IIRC, the sysv checkroot init script also does a remount /, so
symlinking it to remount-rootfs.service seemed like the better fit.

For more info, see also [1] where we mask resp. symlink the sysv
services with native implementations.

Lennart,
if you find anything missing/incorrect in that list, let us know.


Michael

[1] http://git.err.no/cgi-bin/gitweb.cgi?p=systemd;a=blob;f=debian/systemd.links;h=55a7306daadd518d3644e9502e13fe2fafd15a40;hb=refs/heads/debian
--
Why is it that all of the instruments seeking intelligent life in the
universe are pointed away from Earth?
Lennart Poettering
2012-06-27 16:39:12 UTC
Permalink
Post by Michael Biebl
Post by Michael Biebl
Hi,
Post by Lennart Poettering
checkroot.service                      static
Should be redundant, done by systemd-fsck-root.service
/lib/systemd/system/checkroot.service -> remount-rootfs.service
FWIW, this is with systemd v44, where we don't have a
systemd-fsck-root.service, but fsck-root.service.
IIRC, the sysv checkroot init script also does a remount /, so
symlinking it to remount-rootfs.service seemed like the better fit.
For more info, see also [1] where we mask resp. symlink the sysv
services with native implementations.
Lennart,
if you find anything missing/incorrect in that list, let us know.
Michael
[1] http://git.err.no/cgi-bin/gitweb.cgi?p=systemd;a=blob;f=debian/systemd.links;h=55a7306daadd518d3644e9502e13fe2fafd15a40;hb=refs/heads/debian
Ah, this looks actually pretty good (I mean, for what it does). It's
kinda cool that we can do almost all Debian hookups just with a series
of symlinks. Neat!

Lennart
--
Lennart Poettering - Red Hat, Inc
Michael Biebl
2012-06-27 13:28:00 UTC
Permalink
Post by Lennart Poettering
   191ms console-setup.service
    71ms keyboard-setup.service
Also something systemd-vconsole-setup could do?
The Debian systemd package doesn't do a migration of the
console/keyboard configuration yet so if you decide to blacklist those
sysv services you need to set up and manage /etc/vconsole.conf
yourself and you also need to enable systemd-vconsole-setup.service.
The Debian package explicitly removes the symlink from
sysinit.target.wants.


Michael
--
Why is it that all of the instruments seeking intelligent life in the
universe are pointed away from Earth?
Lennart Poettering
2012-06-27 16:41:29 UTC
Permalink
Post by Michael Biebl
Post by Lennart Poettering
   191ms console-setup.service
    71ms keyboard-setup.service
Also something systemd-vconsole-setup could do?
The Debian systemd package doesn't do a migration of the
console/keyboard configuration yet so if you decide to blacklist those
sysv services you need to set up and manage /etc/vconsole.conf
yourself and you also need to enable systemd-vconsole-setup.service.
The Debian package explicitly removes the symlink from
sysinit.target.wants.
Hmm, the other distributions have an #ifdef TARGET_FOOBAR section in
vconsole-setup for that.
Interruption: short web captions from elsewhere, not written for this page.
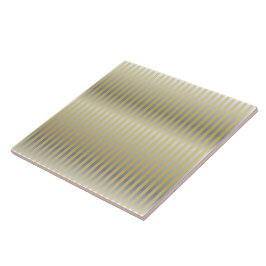 セラミックタイル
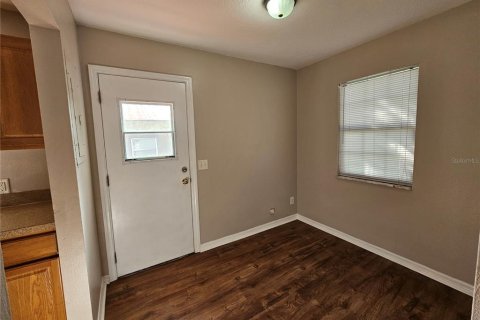House in Dade City, Florida 3 bedrooms, 70.23 sq.m. № 1900332 - photo 11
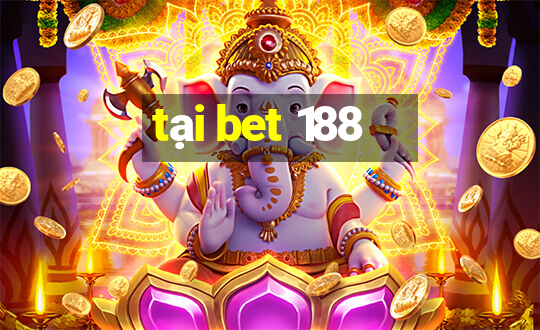 tại bet 188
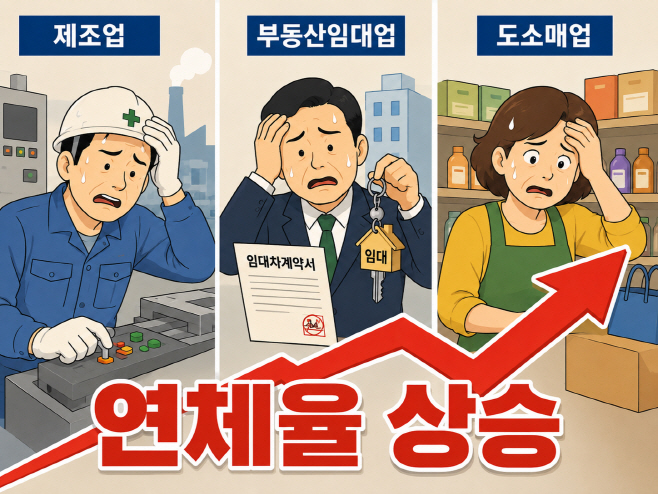 ChatGPT Image 2026년 7월 30일 오후 05_06_43
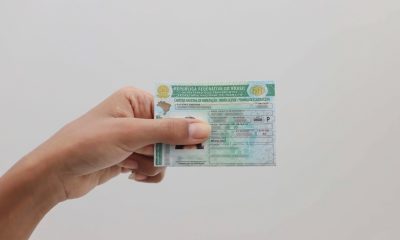 detran-orienta-sobre-validade-de-documentos-para-emissao-e-renovacao-da-cnh-no-tocantins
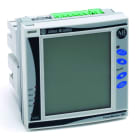 Allen-Bradley - Powermonitor 500 Ethernetip Po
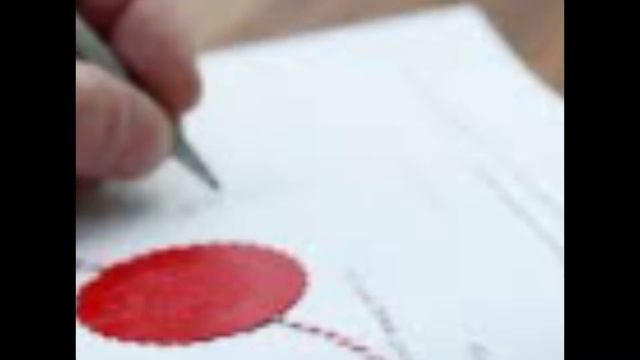 Бюро переводов у станции метро Рижская смотреть онлайн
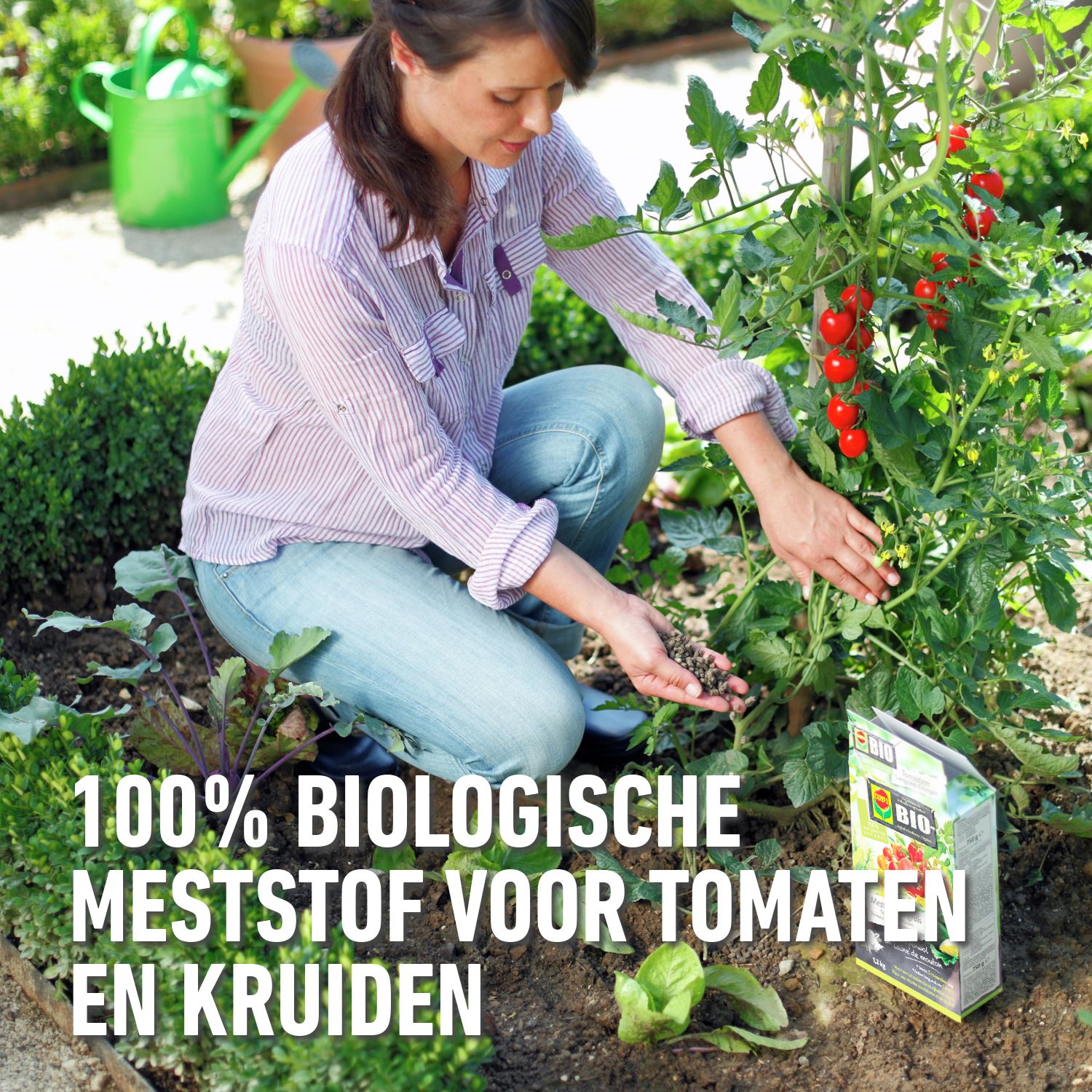 Compo-bio-meststof-tomaten-kruiden-1-2kg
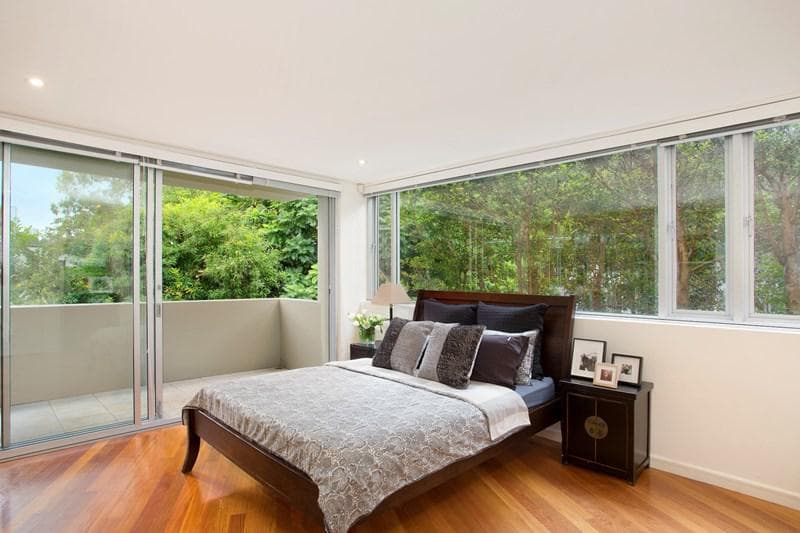 2/1 Leura Road, Double Bay, Double Bay - Thumbnail 7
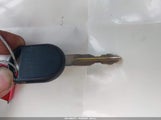 Ford F-150 Stx/Xl/Xlt 1FTRX14W35KD83211 снимка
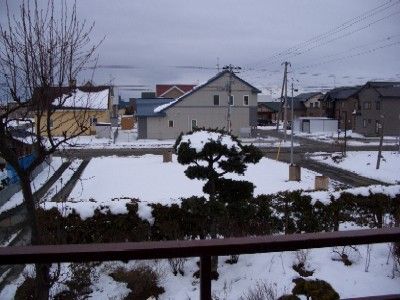 イメージ 3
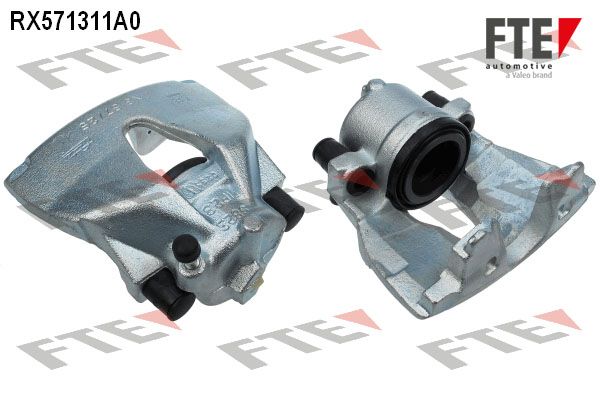 FTE RX571311A0 Brake Caliper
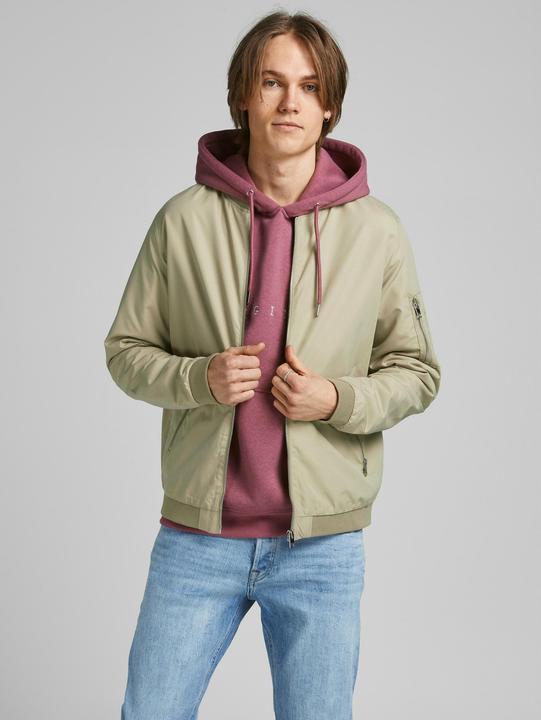 Immagine prodotto Jack & Jones Bomber Jacke (S)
Debian currently doesn't. I'd be willing to add
a patch that parses the old DEbian configuration files, to implement the
fallback.

Lennart
--
Lennart Poettering - Red Hat, Inc.
Tollef Fog Heen
2012-06-27 19:59:17 UTC
Permalink
]] Lennart Poettering
Post by Lennart Poettering
Hmm, the other distributions have an #ifdef TARGET_FOOBAR section in
vconsole-setup for that. Debian currently doesn't. I'd be willing to add
a patch that parses the old DEbian configuration files, to implement the
fallback.
We use the X11 keyboard definitions. Are you sure you want to
completely reimplement console-setup? :-)
--
Tollef Fog Heen
UNIX is user friendly, it's just picky about who its friends are
Lennart Poettering
2012-06-27 20:32:51 UTC
Permalink
Post by Tollef Fog Heen
]] Lennart Poettering
Post by Lennart Poettering
Hmm, the other distributions have an #ifdef TARGET_FOOBAR section in
vconsole-setup for that. Debian currently doesn't. I'd be willing to add
a patch that parses the old DEbian configuration files, to implement the
fallback.
We use the X11 keyboard definitions. Are you sure you want to
completely reimplement console-setup? :-)
Ah, hmm. I heard of that. Can you explain how precisely that works? Do
you actually use the same keybaord definitions, i.e. have converted them
to console definitions? Or do you just share the same naming namespace?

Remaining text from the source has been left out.